Ancient columns which once held up mighty monuments, stand against the sands of time, in the haze of a late June afternoon. There is hardly a soul, but the ruins are filled with the peace of the day’s final few rays. Anatolia, legacy, shifting sediments, vessels of civilisations long gone.




This is a memory which has lingered in my psyche ever since I visited the ruins of Perge as a toddler.

It felt like a kind of full circle moment to come again twenty years later.


With my sister Suzie , we spent an afternoon under the baking Anatolian sun, exploring the ruins of this once bustling Lycian settlement-turned-Roman metropolis. Perge is a physical portal into antiquity- it featured on ancient Hittite tablets, and hosted Persians, Seleucids and Greek armies headed by Alexander the Great, before becoming a Roman city in 188 BC.
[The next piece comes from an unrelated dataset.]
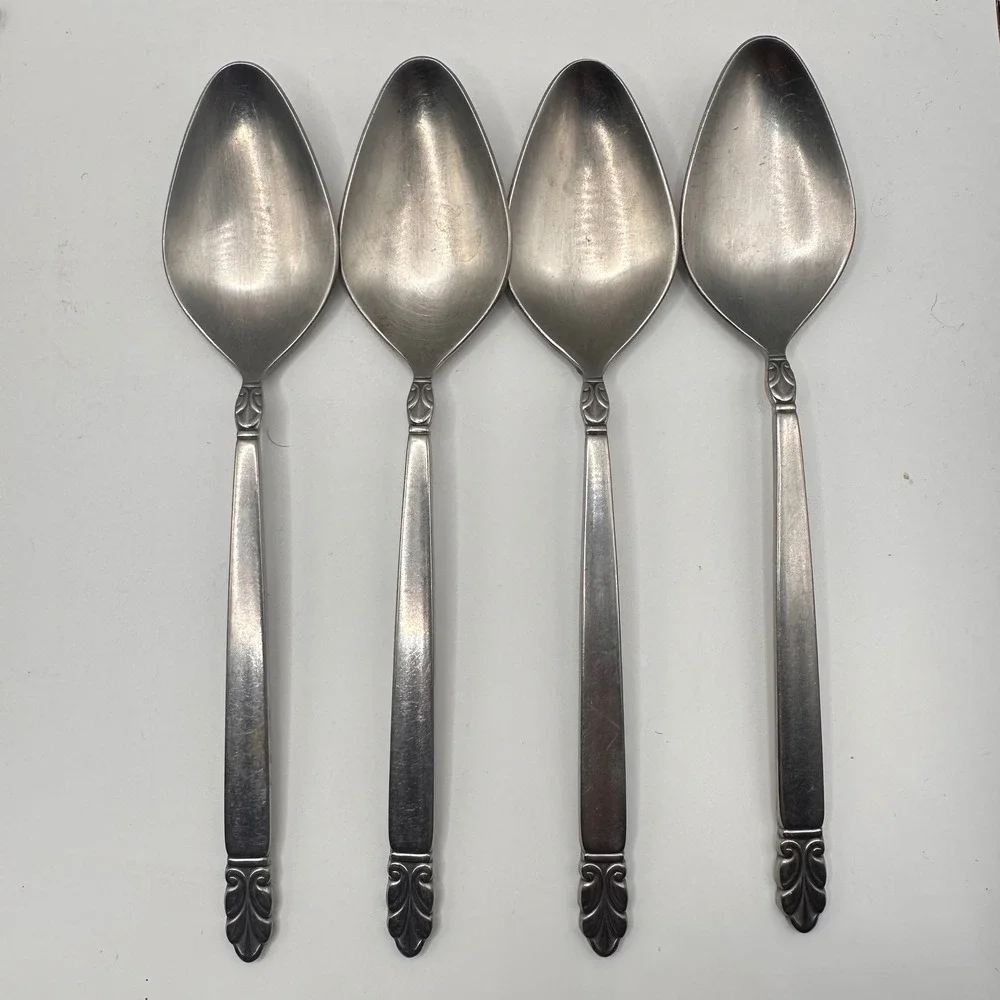 International Stainless Deluxe Norse Oval Soup Spoons Set of 4 Silverware Flat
The stadium, baths, coliseum, necropolis and temple of Artemis were breathtaking, no doubt, but the place which struck a chord with us were the ruins of an ancient Byzantine church.


As I kneeled at the remains of the altar, my sweaty forehead resting in the gravel, I was overcome by awe. That primal human impulse to worship that which is greater than us. We both were actually, as believers in Christ, moved by the realisation that here we were, thousands of years later, praying and communing in the same stone structure where our Greek, Jewish and Turkish spiritual ancestors would have gathered. Indeed the apostle Paul, a Jew from modern day Türkiye and founder of the early Christian church, passed through Perge on his travels to spread the gospel. You can read more about it in the Acts of the Apostles, a book in the Bible.


On that hot afternoon, surrounding by sprawling ruins, olive trees and the sweet scent of blooming Bougainvillea, I was reminded that stones crumble, generations pass through, but our creator remains the same, always.